The goal of Sofia Coppola’s On the Rocks is for its characters to find light and reconnection. Laura (played by Rashida Jones) and her father Felix (played by Bill Murray) are both trying to find those two elements. Laura is trying to find that in her career, her lifestyle and with her husband Dean (played by Marlon Wayans). Felix is trying to find that in reconnecting with Laura and determining if she is happy in her life and in her marriage. Both Murray and Jones are heartfelt in this lighthearted comedy with some edgy scenes. The absurdity of Murray’s performance which causes his daughter’s character to experience moments of humiliation and embarrassment creates an interesting spectacle.
In the plot of the film, the focus is strongly on Laura. She is mom who has a background in writing as a career. However, she has transitioned to a stay-at-home mom to her two kids while her husband Dean has become the new workaholic. Often, however, she starts to question Dean’s behavior. Many times, he is spacey, always saying he is out working late or taking last minute trips. Laura feels he is not focused on her and seems to have his priorities in other places instead of trying to focus on her as his wife. When Laura’s father Felix comes into her life and they begin to have meals together and engage in social activities, Felix convinces Laura that Dean may be up to no good. Laura questions if Felix is the right one to help navigate her struggles. In the past, he has struggled to maintain relationships due to his own ego and life in New York City. Still, Laura starts to look up to Felix, because he is creative with adventures which is helping her find some joy in her life. At the same time, she is also questioning Dean’s behavior based on the evidence of her father’s spying schemes.
On the Rocks connects in many ways to Coppola’s 2003 masterpiece Lost in Translation (which also starred Bill Murray). On the Rocks is as entertaining as Lost in Translation, though in my opinion, Lost in Translation is (slightly) better. Lost in Translation was original, and On the Rocks is almost a repeat, just in a different city featuring different relationships.
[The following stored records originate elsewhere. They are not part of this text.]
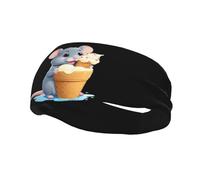 Fashionable sports decorative sweatband QQOUPP Mouse eating ice cream Printed moisture wicking elastic suitable for cycling yoga running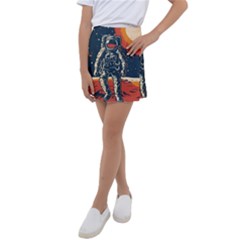 Vintage Retro Space Posters Astronaut Kids  Tennis Skirt by Sarkoni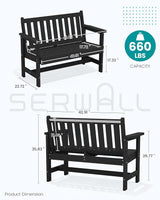 SERWALL Outdoor Bench, HDPE Outdoor Benches Weatherproof, 2-Person Garden Bench with 660 lbs Weight Capacity - Photo 3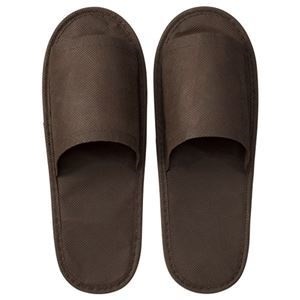 （まとめ） 三和 不織布スリッパ ブラウン OTS-1BR 1セット（10足） [x10セット]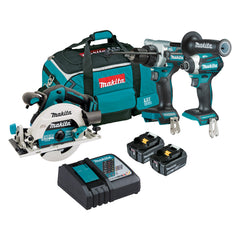 Makita Tools - 3 Piece Brushless Combo Kit - DHP486Z DTD154Z DHS680Z 2 x BL1850B DC18RC & Carry Bag | DLX3169TX1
Lost in Translation was about two people that become friends in a country where they are lost, and On the Rocks is about a father and daughter trying to find resolution in a big city. Both films are about of two people connecting in order to find meaning in their own lives. Overall, On the Rocks is still a stellar film.
Murray is the perfect choice for On the Rocks to play the satirical, opinionated, but caring father. He has that laid-back charming tone with the smart mouth in many quirky moments. Murray is talented at playing this character that goes above and beyond with expensive restaurants and clothes, and acts like it is no big deal at all cost-wise. Also, Felix is a risk-taker and cares about his daughter being happy despite his cynical past. Murray delivers a true knockout performance as he did with Lost in Translation and I could not help but laugh at his humor and his bizarre attitude.
I felt On the Rocks was very touching as it was easy to relate to the feelings Jones demonstrated in her performance. During the film’s introduction to her life, her character feels boring and not a priority. On the Rocks will make some laugh and some cry, but also leave you pondering what makes people feel connected in life. Laura wants connection to her husband. Felix wants connection to his daughter and for his daughter to feel connected to her marriage with Dean. The film’s dynamic had me deep in thought over what truly holds the key to a person’s happiness. I give this Coppola classic three and a half stars.